Gelegenheit macht Neuwahlen
Die dritte Möglichkeit, aus dieser unglücklichen Lage herauszukommen, sind Neuwahlen. Michael Ludwig kämen solche gelegen, immerhin hat die SPÖ ja schmerzlich auf Bundesebene gelernt, wie schädlich ein bedingungsloses Weiterwurschteln sein kann. Außerdem hätte er angesichts der derzeitigen Landesparteilandschaft ein einfaches Spiel: Die Chefin der Hauptstadt-NEOS, Beate Meinl-Reisinger, wechselt als Strolz-Nachfolge in den Bund, würde sie in Wien antreten, wären Parteiübernahme und Kandidatur eine schwer zu stemmende Doppelbelastung.
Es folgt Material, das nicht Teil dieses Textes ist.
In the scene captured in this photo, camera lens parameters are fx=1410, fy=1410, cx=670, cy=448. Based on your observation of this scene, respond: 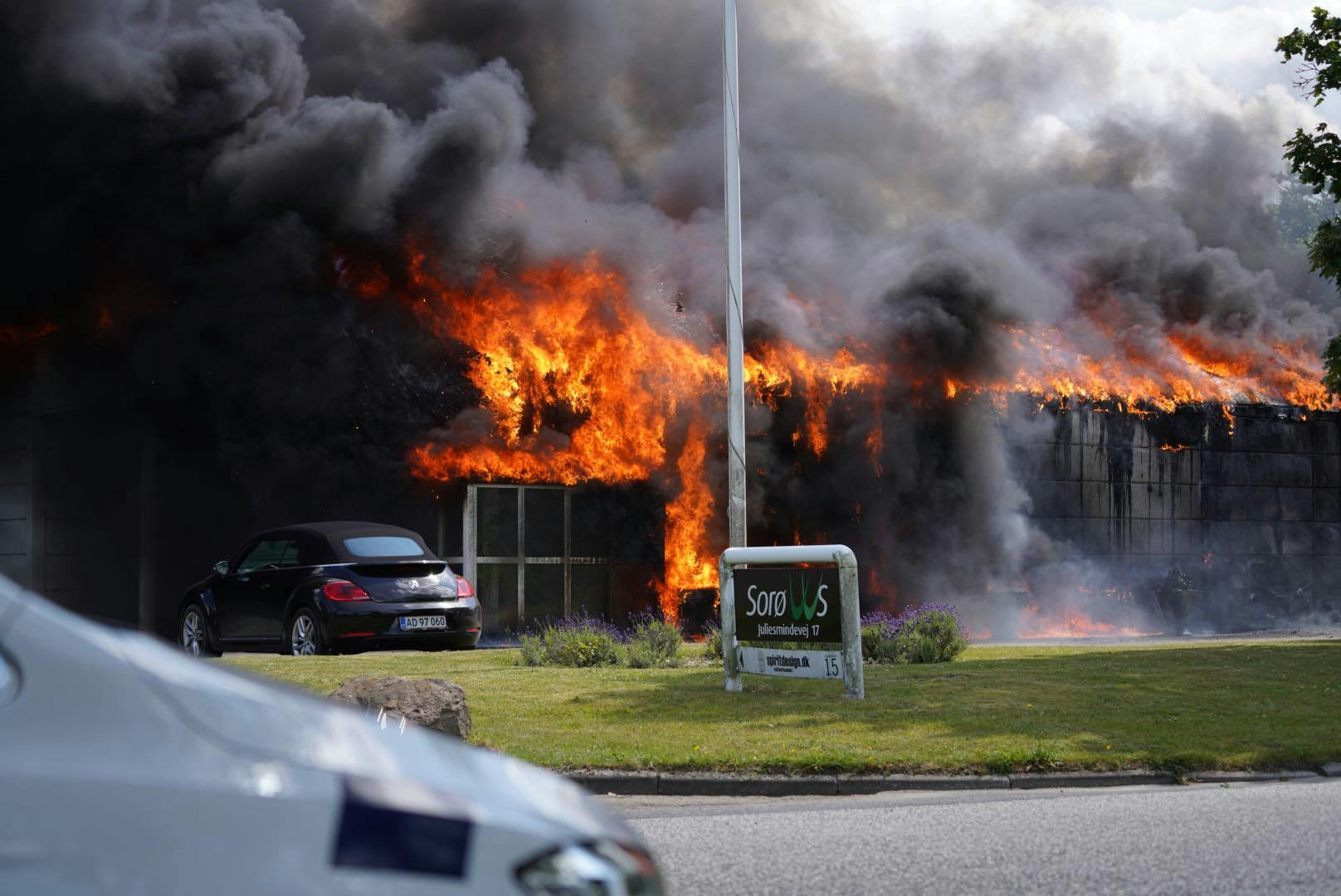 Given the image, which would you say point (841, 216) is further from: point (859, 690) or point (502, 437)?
point (859, 690)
Ähnlich gelagert ist die Situation bei HC Strache und Gernot Blümel. Beide sind derzeit mit ihrer Aufgabe in der Regierung als auch als Landeschefs in zweifacher Besetzung. Für beide kommt außerdem noch die herausfordernde Arbeit der EU-Ratspräsidentschaft hinzu. Dass sich nebenbei auch noch ein Wien-Wahlkampf erfolgreich ausginge, ist unwahrscheinlich. Die Liste Pilz wäre ebenso kein ernst zu nehmender Konkurrent, befindet sie sich doch schon auf Bundesebene gerade in einem unaufhaltbaren Selbstzerstörungsmodus, von dem das Team Stronach noch etwas hätte lernen können.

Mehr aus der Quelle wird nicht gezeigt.